### [Exercise instructions]
Search the records for the string "Cleaner", then copy each line that has it.

### [Input data]
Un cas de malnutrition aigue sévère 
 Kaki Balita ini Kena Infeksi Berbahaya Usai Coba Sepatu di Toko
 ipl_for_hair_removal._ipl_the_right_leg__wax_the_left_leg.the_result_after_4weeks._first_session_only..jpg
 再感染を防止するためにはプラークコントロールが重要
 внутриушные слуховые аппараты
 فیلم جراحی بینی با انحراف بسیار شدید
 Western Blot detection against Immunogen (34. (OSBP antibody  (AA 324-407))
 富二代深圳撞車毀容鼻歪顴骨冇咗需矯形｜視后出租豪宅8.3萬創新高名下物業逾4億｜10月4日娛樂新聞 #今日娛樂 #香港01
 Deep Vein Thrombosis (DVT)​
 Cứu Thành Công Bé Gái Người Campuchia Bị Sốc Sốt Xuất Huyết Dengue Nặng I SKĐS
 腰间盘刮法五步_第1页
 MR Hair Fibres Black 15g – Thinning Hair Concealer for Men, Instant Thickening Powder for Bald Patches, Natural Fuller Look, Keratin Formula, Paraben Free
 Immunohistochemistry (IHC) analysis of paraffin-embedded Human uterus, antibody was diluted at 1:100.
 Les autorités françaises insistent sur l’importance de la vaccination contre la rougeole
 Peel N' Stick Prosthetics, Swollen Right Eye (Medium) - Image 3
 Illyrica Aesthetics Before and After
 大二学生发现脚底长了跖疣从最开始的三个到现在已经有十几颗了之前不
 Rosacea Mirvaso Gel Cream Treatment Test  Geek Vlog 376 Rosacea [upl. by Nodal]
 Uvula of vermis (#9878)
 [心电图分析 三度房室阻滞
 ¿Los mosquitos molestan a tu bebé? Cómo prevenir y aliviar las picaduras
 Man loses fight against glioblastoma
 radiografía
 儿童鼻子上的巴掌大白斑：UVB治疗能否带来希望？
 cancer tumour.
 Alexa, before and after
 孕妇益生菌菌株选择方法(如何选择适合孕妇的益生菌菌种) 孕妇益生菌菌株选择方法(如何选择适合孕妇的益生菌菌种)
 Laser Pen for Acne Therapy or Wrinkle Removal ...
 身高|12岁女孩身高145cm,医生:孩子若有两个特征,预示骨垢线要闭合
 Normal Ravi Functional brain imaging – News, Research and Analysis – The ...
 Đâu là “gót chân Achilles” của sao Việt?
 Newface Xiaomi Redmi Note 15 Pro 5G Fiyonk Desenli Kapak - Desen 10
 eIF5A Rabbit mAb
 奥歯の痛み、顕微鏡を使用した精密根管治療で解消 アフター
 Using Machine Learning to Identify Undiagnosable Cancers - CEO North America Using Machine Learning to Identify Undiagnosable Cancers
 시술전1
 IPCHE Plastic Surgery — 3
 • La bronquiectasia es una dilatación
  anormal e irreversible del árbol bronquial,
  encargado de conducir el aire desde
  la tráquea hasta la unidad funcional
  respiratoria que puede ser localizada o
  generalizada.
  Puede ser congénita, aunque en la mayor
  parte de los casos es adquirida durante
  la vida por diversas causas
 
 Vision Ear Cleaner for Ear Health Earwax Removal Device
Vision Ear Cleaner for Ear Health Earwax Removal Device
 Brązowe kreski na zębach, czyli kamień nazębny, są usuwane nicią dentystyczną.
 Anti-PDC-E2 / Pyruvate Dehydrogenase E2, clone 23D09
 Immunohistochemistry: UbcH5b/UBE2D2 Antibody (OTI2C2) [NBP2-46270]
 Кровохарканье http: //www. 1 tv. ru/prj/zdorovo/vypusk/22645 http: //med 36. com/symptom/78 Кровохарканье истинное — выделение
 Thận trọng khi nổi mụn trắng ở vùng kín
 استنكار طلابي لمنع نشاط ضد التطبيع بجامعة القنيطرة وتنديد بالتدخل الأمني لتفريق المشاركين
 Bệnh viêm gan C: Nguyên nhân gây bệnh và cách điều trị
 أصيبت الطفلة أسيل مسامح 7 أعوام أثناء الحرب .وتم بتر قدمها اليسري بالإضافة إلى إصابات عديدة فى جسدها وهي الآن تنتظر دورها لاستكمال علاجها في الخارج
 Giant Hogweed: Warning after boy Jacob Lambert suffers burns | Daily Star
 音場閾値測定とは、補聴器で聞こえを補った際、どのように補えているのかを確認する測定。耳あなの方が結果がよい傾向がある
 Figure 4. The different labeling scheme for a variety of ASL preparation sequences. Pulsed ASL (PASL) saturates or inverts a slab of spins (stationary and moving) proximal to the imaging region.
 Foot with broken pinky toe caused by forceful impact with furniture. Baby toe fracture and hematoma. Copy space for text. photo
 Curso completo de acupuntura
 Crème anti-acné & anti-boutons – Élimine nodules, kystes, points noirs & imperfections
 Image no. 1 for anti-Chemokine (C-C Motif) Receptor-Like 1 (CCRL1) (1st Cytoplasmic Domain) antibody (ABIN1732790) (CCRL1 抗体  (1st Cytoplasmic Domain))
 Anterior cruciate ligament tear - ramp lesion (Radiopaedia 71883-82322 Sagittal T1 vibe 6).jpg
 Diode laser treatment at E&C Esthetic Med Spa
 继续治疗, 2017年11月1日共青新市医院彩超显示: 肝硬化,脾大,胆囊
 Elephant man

### [Reply to the task]
 Vision Ear Cleaner for Ear Health Earwax Removal Device
Vision Ear Cleaner for Ear Health Earwax Removal Device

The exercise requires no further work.